** To do **
What you return should be the lines from the one with "Новое обострение: Азербайджан" through the one with "Hoofdafbeelding Land Rover Range Rover" in the data below, reproduced exactly with both ends, and no pictures at all.
___ Data ___
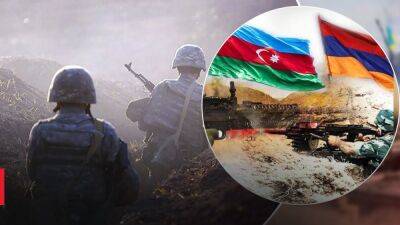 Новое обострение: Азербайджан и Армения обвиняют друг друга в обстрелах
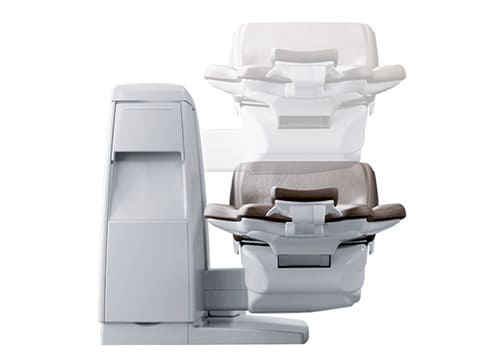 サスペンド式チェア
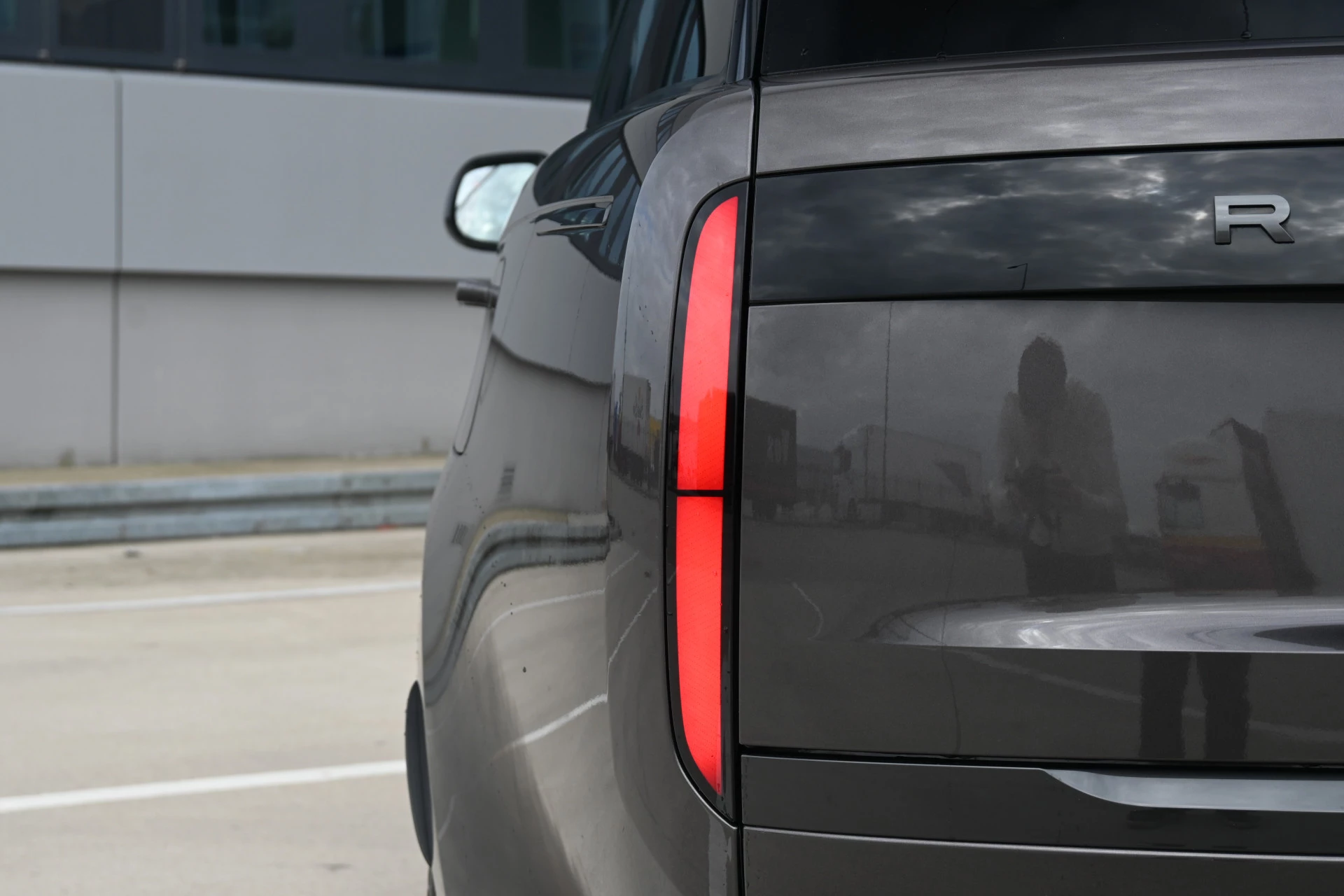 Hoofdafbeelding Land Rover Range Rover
___
___ Data ___
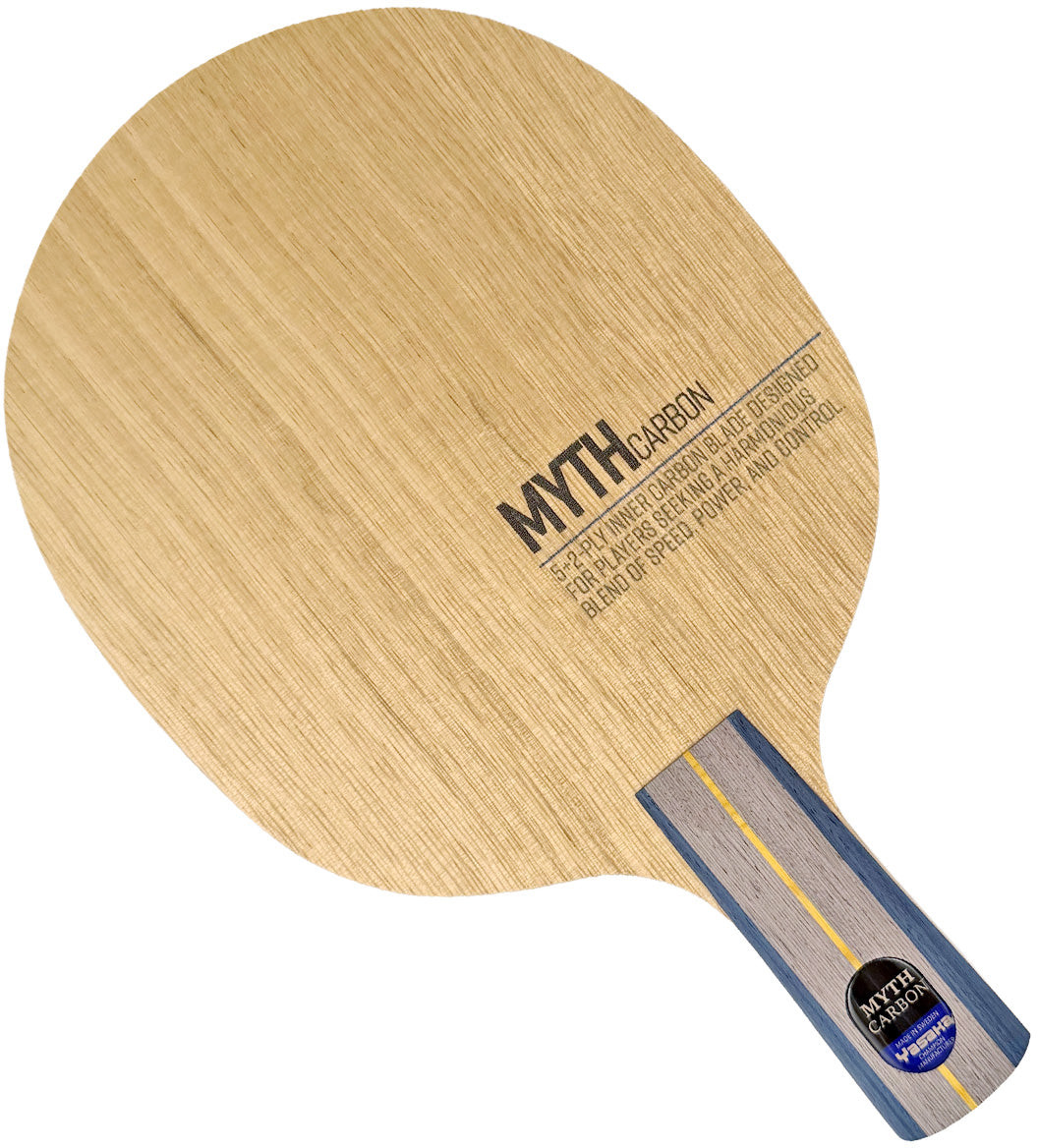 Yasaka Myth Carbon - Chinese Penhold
___
___ Data ___
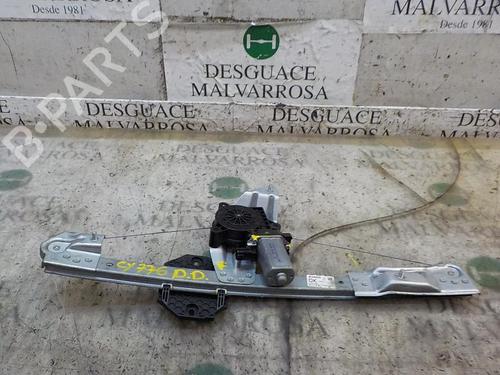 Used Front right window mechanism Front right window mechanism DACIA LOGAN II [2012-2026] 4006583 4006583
___
** Answer to the exercise **
 Новое обострение: Азербайджан и Армения обвиняют друг друга в обстрелах
 サスペンド式チェア
 Hoofdafbeelding Land Rover Range Rover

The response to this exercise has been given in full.